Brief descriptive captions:
▼

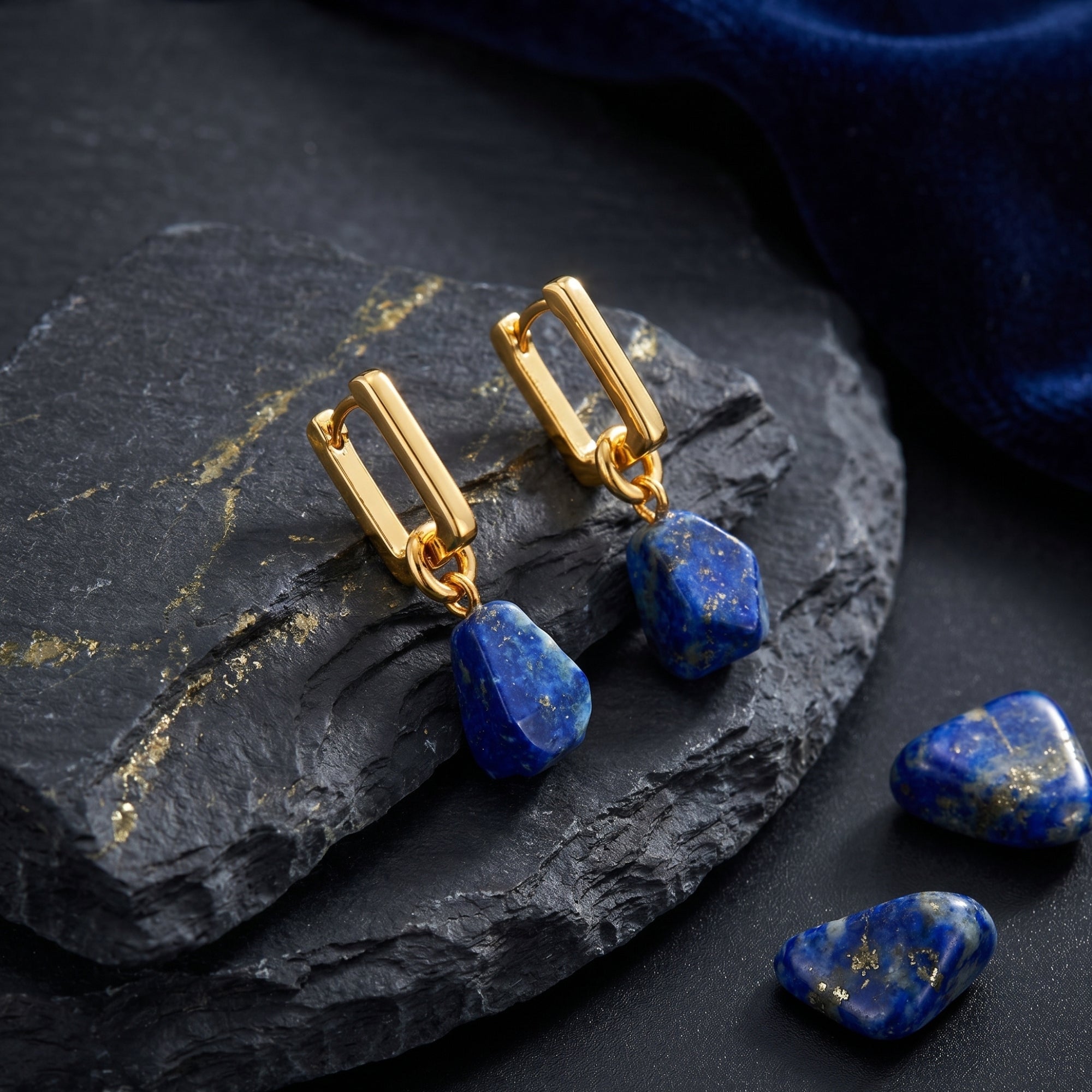 Gold-plated rectangular hoop earrings with irregular lapis lazuli drops styled on a dark rock with blue velvet.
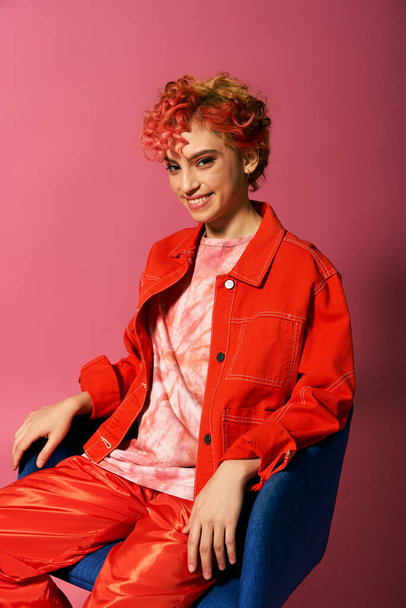 Μια νεαρή γυναίκα με κόκκινα μαλλιά κάθεται σε μια μπλε καρέκλα. - Φωτογραφία, εικόνα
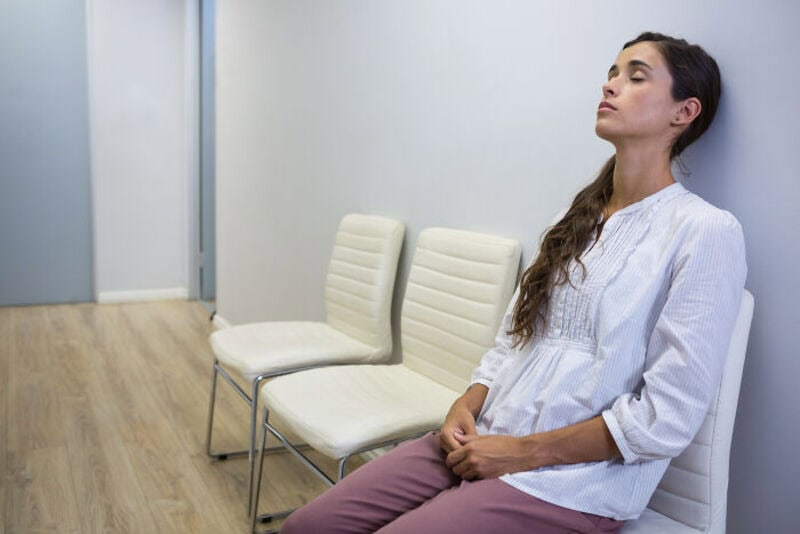 Young woman sitting calmly in a waiting room with closed eyes.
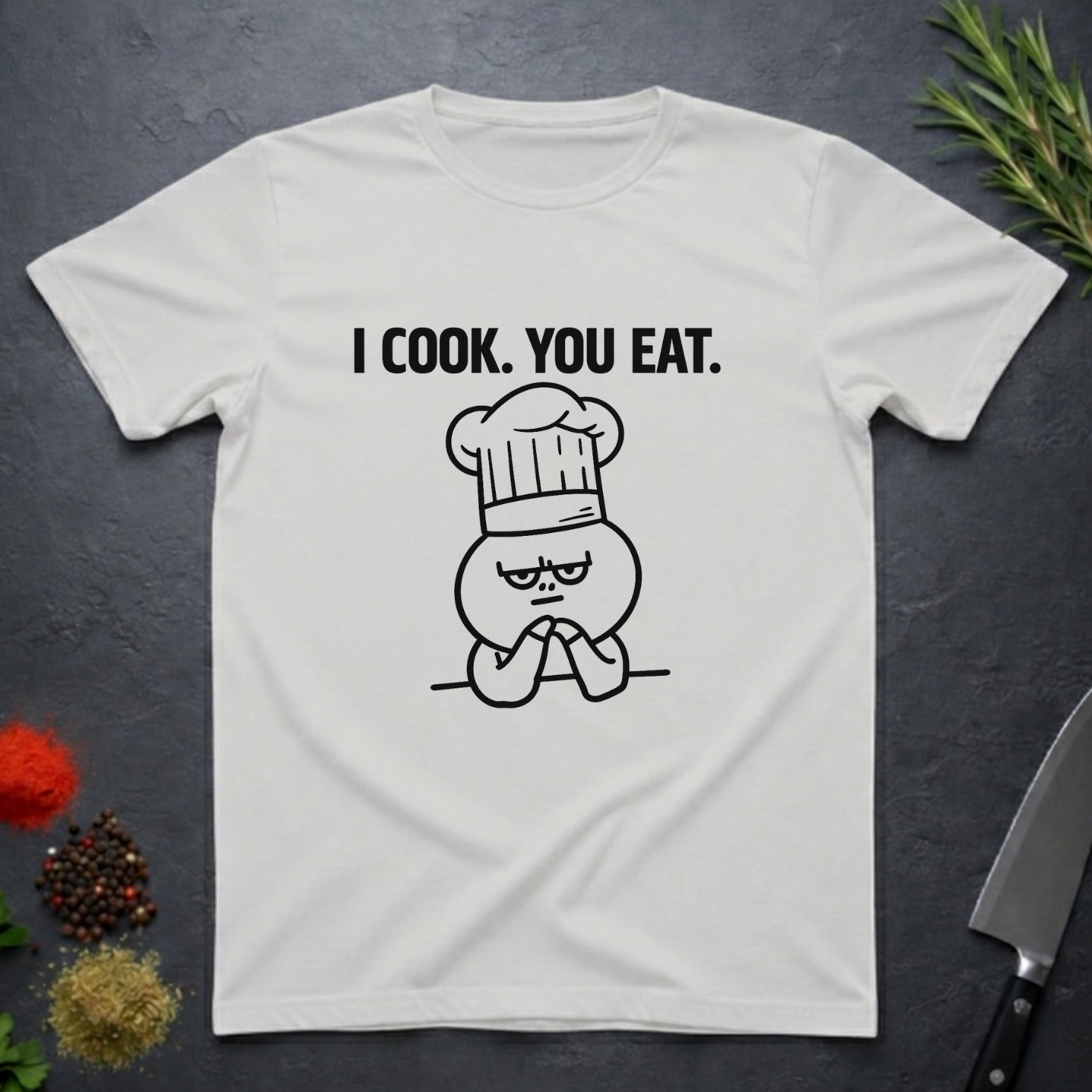 Ice Grey t-shirt with a graphic design and text 'I COOK. YOU EAT.' on a dark surface with kitchen items.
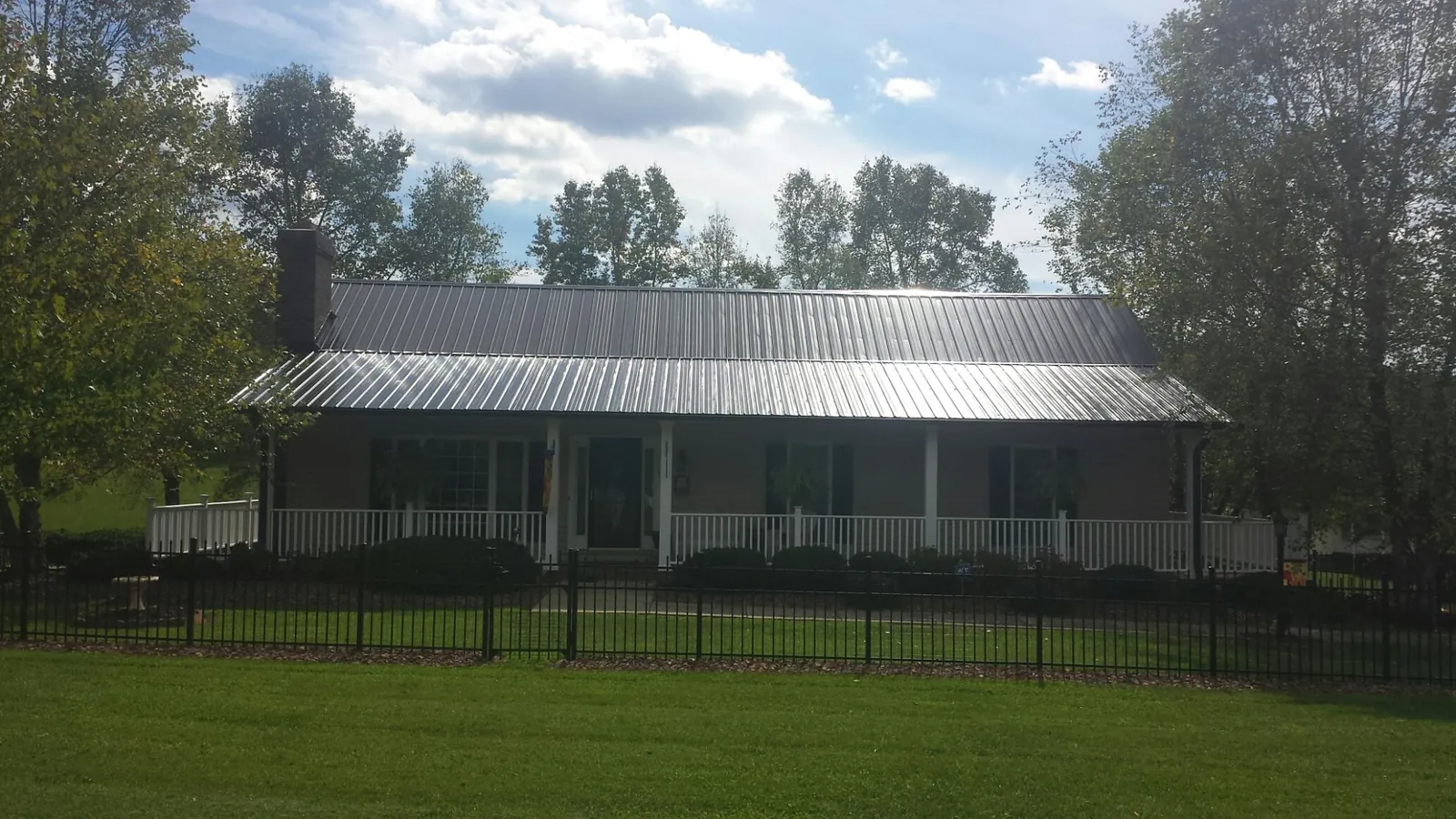 Gray metal roof on a brick ranch with a full width front porch — Gutter Guard Installation work by our crew in Belfield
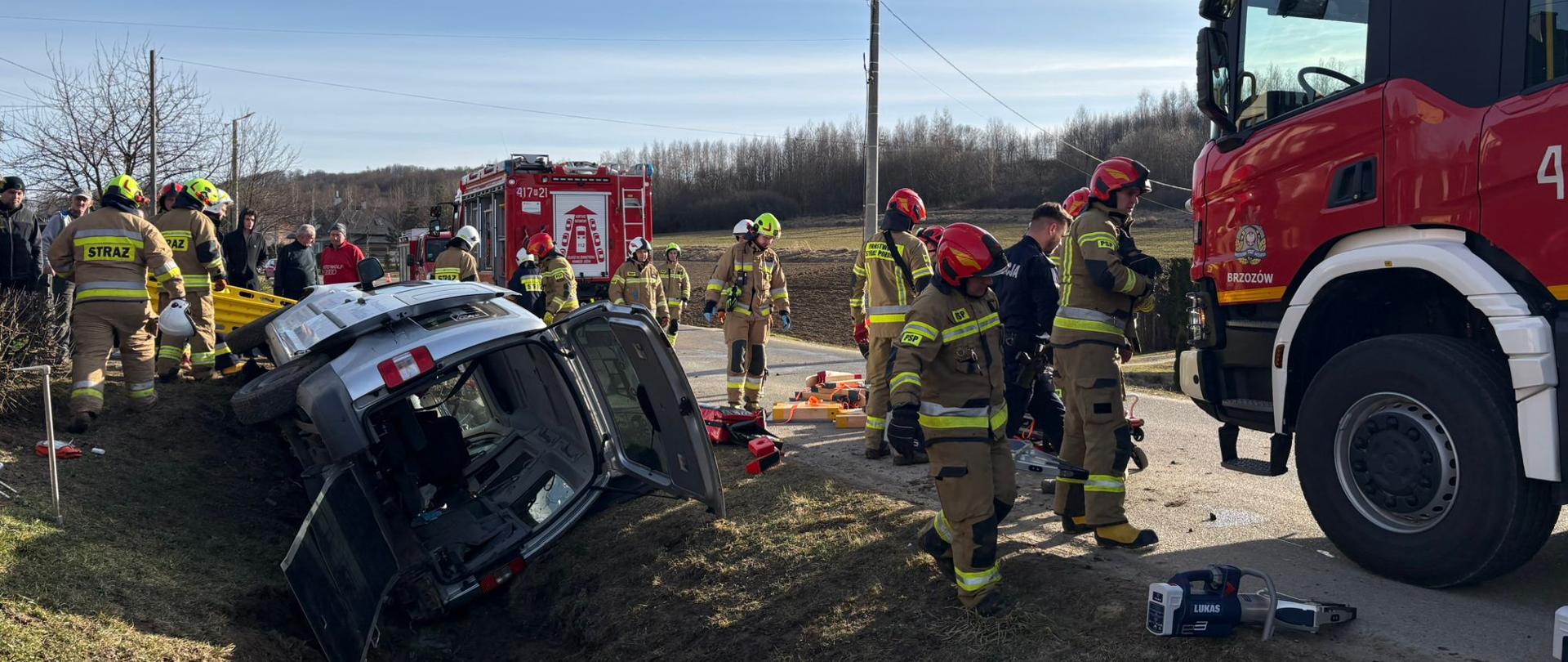 Kolorowa fotografia wykonana w pogodny dzień na drodze powiatowej. Przedstawia samochód osobowy w rowie na prawym boku z otwartym bagażnikiem, obok pojazdu znajduje się część samochodu pożarniczego oraz strażacy w ubraniach specjalnych i hełmach.
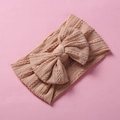 Close-up of soft knit baby headband with cable texture and large pink bow decoration - Khaki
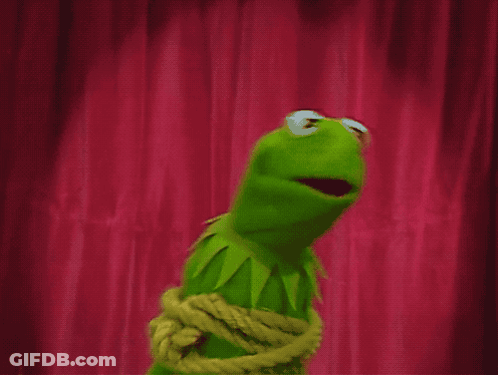 A Kermit The Frog Is Tied Up With A Rope GIF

▲

- **WHAT YOU NEED TO DO**:
The copy must match each record exactly, apart from the images, which stay out.

- **TASK RESPONSE**:
 Gold-plated rectangular hoop earrings with irregular lapis lazuli drops styled on a dark rock with blue velvet.
 Μια νεαρή γυναίκα με κόκκινα μαλλιά κάθεται σε μια μπλε καρέκλα. - Φωτογραφία, εικόνα
 Young woman sitting calmly in a waiting room with closed eyes.
 Ice Grey t-shirt with a graphic design and text 'I COOK. YOU EAT.' on a dark surface with kitchen items.
 Gray metal roof on a brick ranch with a full width front porch — Gutter Guard Installation work by our crew in Belfield
 Kolorowa fotografia wykonana w pogodny dzień na drodze powiatowej. Przedstawia samochód osobowy w rowie na prawym boku z otwartym bagażnikiem, obok pojazdu znajduje się część samochodu pożarniczego oraz strażacy w ubraniach specjalnych i hełmach.
 Close-up of soft knit baby headband with cable texture and large pink bow decoration - Khaki
 A Kermit The Frog Is Tied Up With A Rope GIF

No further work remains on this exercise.